Got a last-minute call up this morning to take a load of parachutes up and kick 'em out. How could I refuse. It was on my lunch break anyway :P
So I get the call up and long story short: they need a pilot coz Emma (the other pilot) has to go to Bankstown (YSBK) to pick up one of the other planes. No biggie. Emma even fuelled and prepped the plane, put in the flight plan and organised a pilot's rig (parachute). Way to go - all I need to do was dip the tanks, kick the tyres and fly. Sweet!
So I decided to take the camera along with me and get a couple of happy-snaps. You can see the photos of today's flight here. I'm not entirely happy with the flight though. There's a couple of important radio calls I need to do BEFORE the punters jump out (in order);
- Clearance from Sydney Departure to drop and descend
- Broadcast on Sydney Radar (area) frequency notifying of drop
- Broadcast on Wollongong CTAF notifying of drop
- Call the drop zone and give them a 3-5 minute "heads-up" that the drop is about to happen
I forgot number 4! Dammit!! I call them up after I got into my descent which was FAR too late. I'm sure the guys got down just fine, but the ground crew (also jump masters) like to watch the canopies open in case there's problems.
I'll stick my hand up for this and admitted on the radio "my bad". But I was thinking on the drive home from the airport, why did I miss such an important call? Why wasn't I thinking straight? I think I've come up with the answer.
This was the only the third jump operation I've done in about 3 months, and the first one I've done in almost 4 weeks. The stick-and- rudder flying I can do in my sleep (you get like that after a few thousand hours) but procedurally I was so far behind the 8-ball it wasn't funny. I missed a call and didn't pick it up until it was too late. I'm not claiming this lack of recency as an excuse, but as an oversight. A link in the chain that led to me ultimately forgetting the radio call.

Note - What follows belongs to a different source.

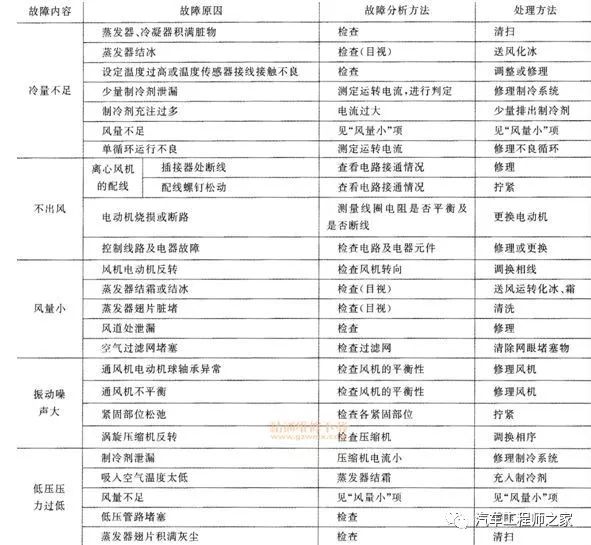 ai脚本无法使用教程的原因：全面分析与常见问题解析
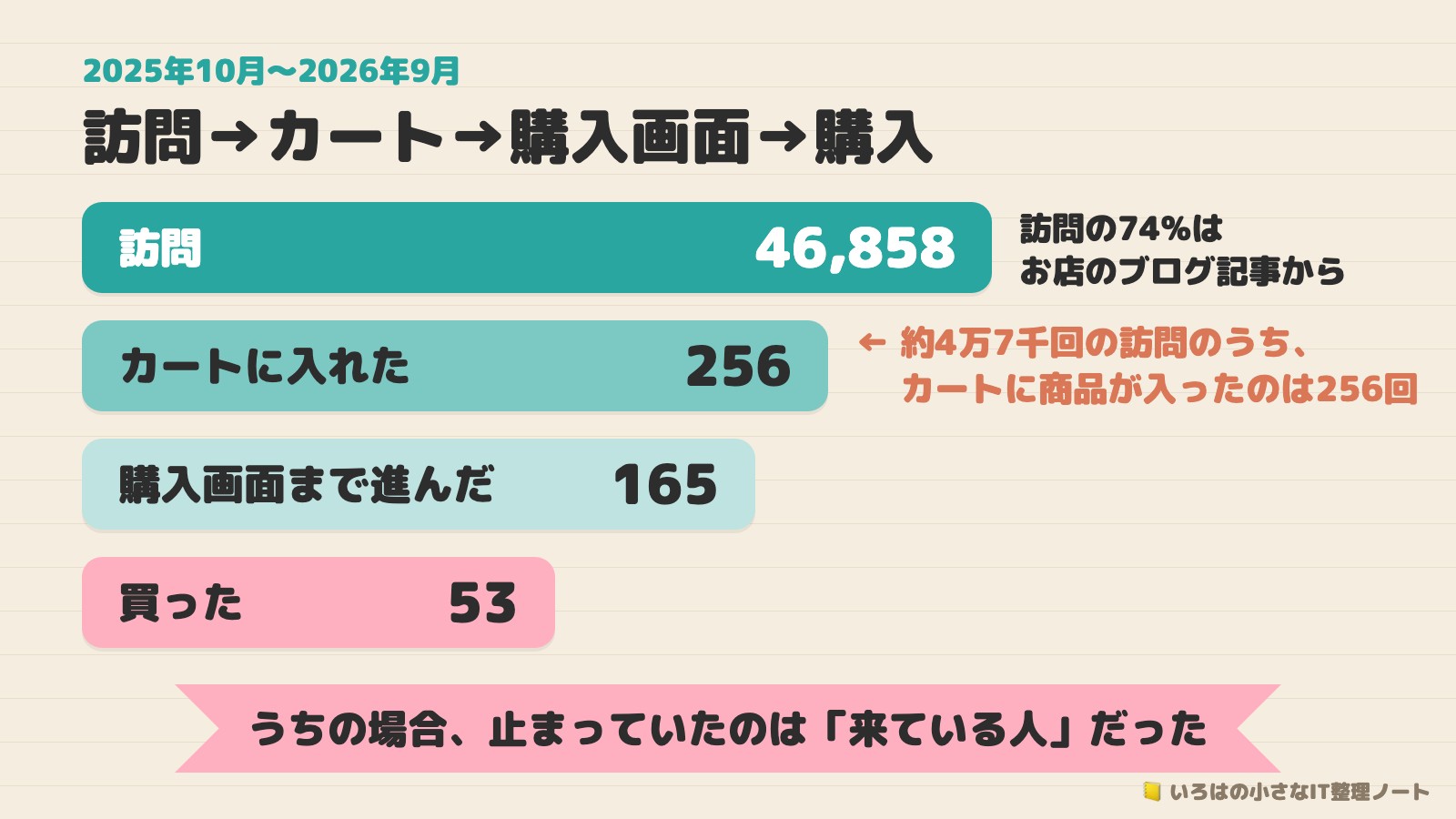 うちのShopifyの1年分の数字。訪問46,858、カートに入れた256、購入画面まで進んだ165、買った53。訪問の74%はお店のブログ記事から入っていた。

When I flew solo freight runs for a living, you get good at being strict on yourself to maintain standards. You're constantly reminding yourself that 5KIAS over speed on the approach is NOT acceptable, that "almost within tolerances" for the practise ILS (in VMC) is NOT acceptable, that missing a item on a check list is NOT acceptable. You have to be hard on yourself or you get sloppy. I knew that, and I practised it.
Since I've got back into flying, specifically as a jump pilot, I think I've become sloppy. I'm not being hard on myself, I'm not approaching the flying with the right attitude. I seem to adopting the attitude that this jump flying is pretty simple, I've done HEAPS more complicated things in the past and have stopped paying attention. I'm not unsafe (yet) but if I allowed this to continue, the next "oops" could be fatal.
Today was a wake-up call! No more "she'll be right", no more "I don't need to be attentive". I'm getting back into a professional mind-set where near-enough is NEVER good enough. It's on the numbers, by the book, per the checklist or not at all!